Dean of the Year: Darden’s Robert Bruner

When he is not on campus, attending First Coffee with students and staff every morning in Saunders Hall, he is on the road as a tireless proselytizer for the school. Bruner travels 150 days a year to meet with alumni, donors, and recruiting partners. Shortly after becoming dean, Bruner made one of his annual trips to Asia, visiting with 40 different companies in Korea and China. The result of his measured salesmanship: Three-quarters of the companies have since come to Charlottesville to interview Darden students for internships and jobs, while at least half have hired the school’s MBAs, including Samsung, which alone made nine offers to the Class of 2012, says Jack Oates, director of career development.

Wherever he is, Bruner doesn’t miss a chance to teach or mentor. A few years ago, on a recruiting trip to Dallas, he wanted to get Oates to begin using social media to more effectively reach key stakeholders who recruit Darden students. Oates recalls the conversation this way:

“’Jack,’” asked Bruner, “’are you on LinkedIn?’”

“No Bob, not yet,’”

“Are you on Facebook?”

“No.”

“Jack, are you blogging? Are you tweeting?”

Oates could never say yes to any of these questions because he wasn’t doing any social media at the time.

“Jack,” added Bruner, “get with social media. It’s important. This is your dean talking.”

‘WAKE UP EACH DAY AND WORRY ABOUT HOW GLOBAL THE SCHOOL ISN’T’

He had a similar message for Peter Rodriguez, who teaches the first-year Global Economies and Markets course and is a senior associate dean for degree programs.
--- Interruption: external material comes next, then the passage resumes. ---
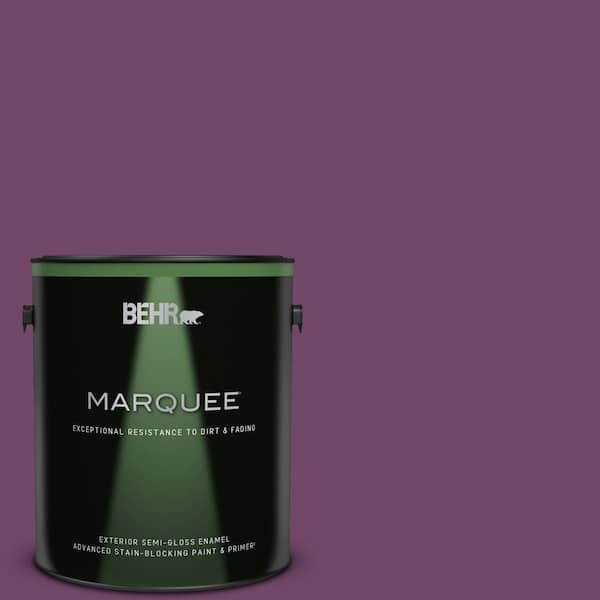 BEHR MARQUEE 1 gal. #S-G-680 Raspberry Mousse Semi-Gloss Enamel Exterior Paint & Primer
Bruner’s marching orders to Rodriguez, who is helping to lead the globalization efforts at the school: “I want you to wake up each day and worry about how global the school isn’t and needs to be.” Adds the professor, “I do.”

The strategy is to move from making students merely “globally aware,” which is where Darden was when Bruner became dean, to preparing students to be “globally ready.” Being globally aware might allow a graduate to engage in intelligent cocktail conversation but it wouldn’t give them the skills and capabilities to succeed in different cultures and countries.
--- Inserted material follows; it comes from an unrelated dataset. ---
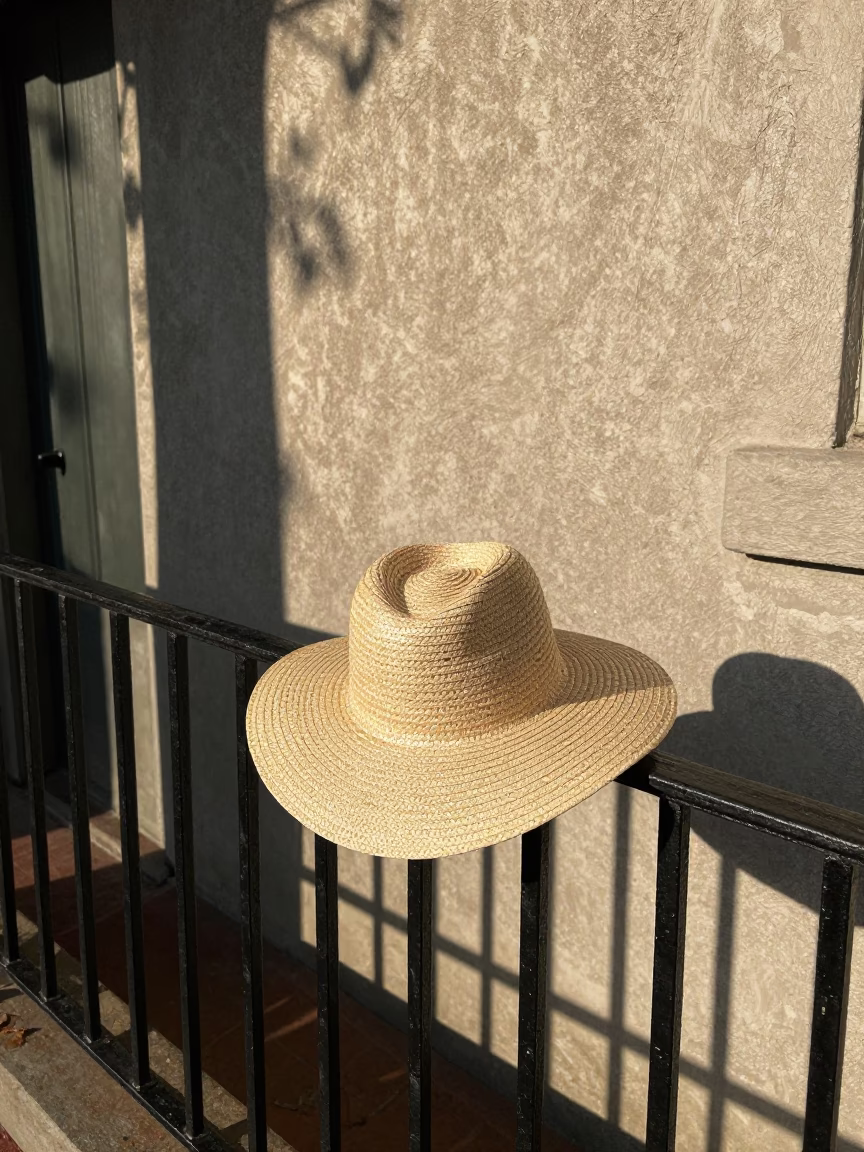 New Orleans Sun Hat at Clear Late-afternoon Light in in New Orleans, Louisiana, United States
The highest level of teaching globalization would be to make students “globally fluent,” requiring MBAs to learn multiple languages and ensuring that applicants from any one country are restricted to a certain percentage. INSEAD and the Thunderbird School of Management fall into this more specialized category. Darden wants to globalize while preserving its distinctive culture with its emphasis on superior teaching, case study instruction, inculcating an enterprise perspective in students, and keeping the MBA program relatively intimate and highly collaborative.

Bruner describes his time as chairman of the AACSB task force on globalization as a “transformational experience.” There were vigorous debates among the deans about what it means to be global. “You talk to a European and he will say, ‘I can’t do business without thinking about differences in culture and language and administrative laws.’ Here in the United States if we ship something from Virginia to California we take a lot for granted, and it’s that that we are trying to broaden. For Americans, it can be more of a stretch. That’s why we want international students at Darden because they get it. They’ve wrestled with those dilemmas.”